7. We feel like you look
On many days, the hard knocks of life have us feeling beaten and beleaguered. But we can’t show that side of ourselves, or we will be pitied and coddled and possibly stripped of our responsibilities at work. So watching you cheers us up as we identify with your pain and acknowledge that maybe we can get through our own sh*t afterall, seeing how you keep going no matter how terrible you look. And you do.
6. There’s a finish line
You have a finish line to end your pain and signal your achievement. We are not so lucky as we struggle with the ups and downs of our lives. We just go to bed and try again tomorrow. But you remind us that struggle can have purpose if we let ourselves believe that what we are doing has some importance. We need you to keep going to give us hope.
5. Watching the clock
The worst part about running my first marathon was the incessant worry about whether I was going to hit my time goal. The clock doesn’t pause and doesn’t compromise. And yet that time lasts forever on your race history permanent record. The tyranny of that disciplines you to push yourself. We can sit idly by and see you have to be judged by the harsh measurement of the clock, while ours seemingly stands still. No one will judge us today like the clock will judge you.

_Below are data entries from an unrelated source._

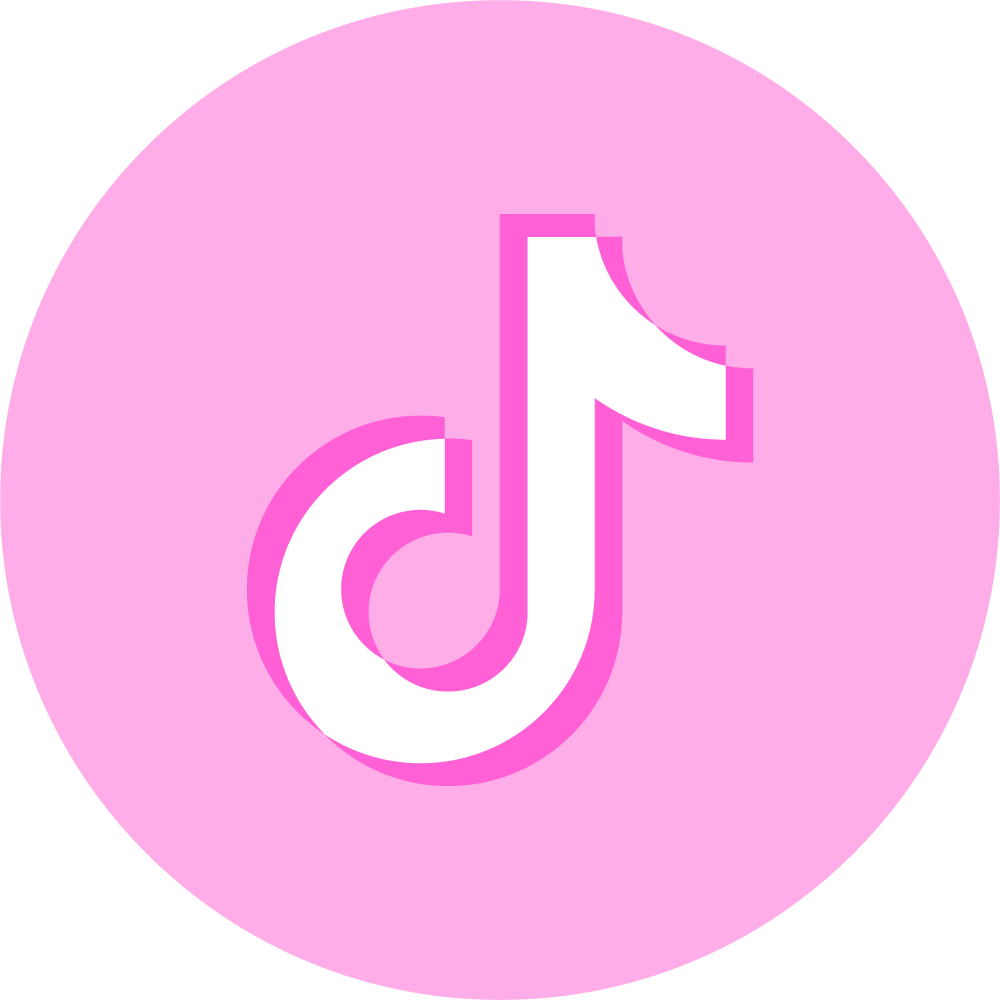 Pink TikTok Icon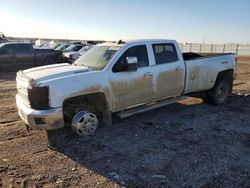 Salvage trucks for sale at Greenwood, NE auction: 2016 Chevrolet Silverado K3500 LTZ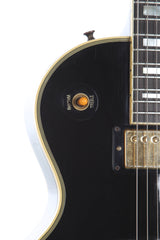 1997 Gibson Custom Shop Historic 1968 Reissue Les Paul Custom 68RI Black Beauty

4. It’s personal yet public
There will be 78,000 reasons and 78,000 stories and 78,000 inspirations behind the runners that will complete these marathons. Many will cry upon finishing and not (just) because their nipples are bleeding. Each person’s struggles and achievements and failures are intensely private, forged in the hours and hours of training and the singular dedication to preparing for this day. And yet, there it is. Right in front of our eyes. Every single step of those 26.2 miles will be publicly witnessed by thousands of people. We will know if you make it or not. We will know when you walk. We will know if you cramp, cry or crumble in a ball. That kind of transparency is the ultimate curbside reality TV.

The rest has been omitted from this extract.